At one point in the narrative, he orders all of his mind-controlled thralls to drown themselves. When Batman asks how many, Gordon responds, "Hundreds. All ages, genders, ethnicities. And kids, too. Children.."

And, of course, The Hatter has Batman's girlfriend Natalya Trusevich killed. He kidnaps her and tries to beat Batman's secret identity out of her, calling in one of the Tweedles to take over punching her for him (This scene is drawn by Kudranski, so its dark, blurry and doesn't make much in the way of realistic visual sense, so it's not as upsetting as it could be. There are a few red panels with black blood splatter, and the sound effect WHAM!, and then we see an image of Trusevich with liquid, presumably blood, on her face.)

Finally, they throw her out of a helicopter with terrific aim, her body landing directly atop the Bat-signal on the roof of police headquarters.

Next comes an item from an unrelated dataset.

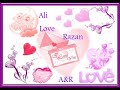 i love you razan.wmv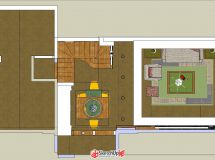 家裝精細(xì)模型-5351-3-4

3.) The cliches of Natalya's death. So the reason superheroes usually give for justifying the fact that they keep their identities secret is that, if their villains ever discovered their true identities, they would immediately go after their friends and loved ones, hurting these innocent associates as a way to get at the heroes. In Batman comics and other stories, this is usually played as a sort of tragic, romantic tension: Aflred and others worry that Bruce Wayne will never truly fall in love or find a romantic partner with whom to spend his life, Bruce always meets amazing women and comes close to forming a real relationship with them, only to pull back, not wanting to jeopardize his life's work of dressing up like a bat to fight crime and/or endanger them.

Sometimes he does actually share his secret identity, and then the women totally get killed.

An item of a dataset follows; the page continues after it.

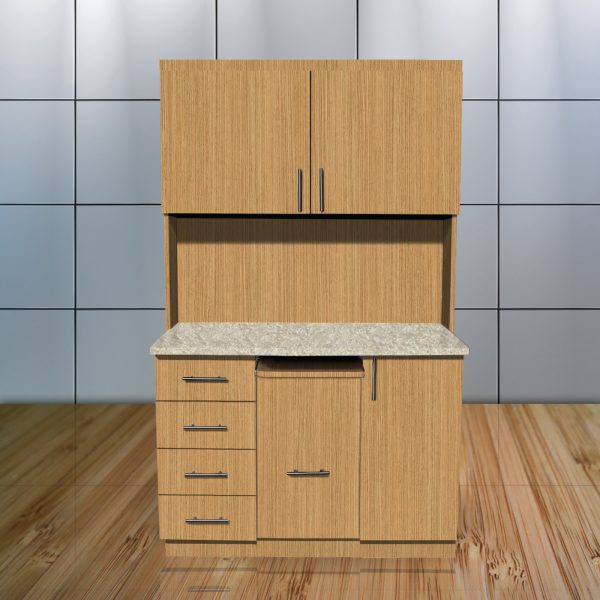 Signature Series - 12 O Clock - Retractable counter top - Natural R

As mentioned previously, Batman breaks up with Natalya early in this arc because his secret life is coming between them.

Later, Batman has a creepy dream or memory about his parents, in which his mother tells him that what the really wants for him, above all else is "to be known. Really known, by another person." Like, Biblially? "There's a fear in showing all the parts of ourselves to someone else," but when you do, and they accept you, "that's the most wonderful thing in the world."

So Bruce Wayne gets in his Batplane, flies over to Natalya's, drags her to the window, where he's left it in park and flies her to the Batcave, saying "THis is who I am" over and over again.

They then do it in the Batcave. This is another Kudranski-drawn passage, so there's no telling where or what they did it on—does Batman keep a mattress or Bat-futon down there for such occasions? Is there a big bed behind the giant penny? Who knows?

Natalya frets that she's late for her concert performance, and that she'll never make it in time, but Batman flies her there in his Batplane and drops her off—one of the perks of being Batman's girlfriend.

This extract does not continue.